** Opening Collected material block **

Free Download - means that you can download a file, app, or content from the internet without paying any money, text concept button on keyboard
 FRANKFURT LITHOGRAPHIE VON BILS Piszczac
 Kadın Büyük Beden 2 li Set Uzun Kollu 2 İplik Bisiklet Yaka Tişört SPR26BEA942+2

** Closing Collected material block **

§ **Assignment**: Please return the whole listing, line for line, exactly.

§ **Task answer**:
Free Download - means that you can download a file, app, or content from the internet without paying any money, text concept button on keyboard
 FRANKFURT LITHOGRAPHIE VON BILS Piszczac
 Kadın Büyük Beden 2 li Set Uzun Kollu 2 İplik Bisiklet Yaka Tişört SPR26BEA942+2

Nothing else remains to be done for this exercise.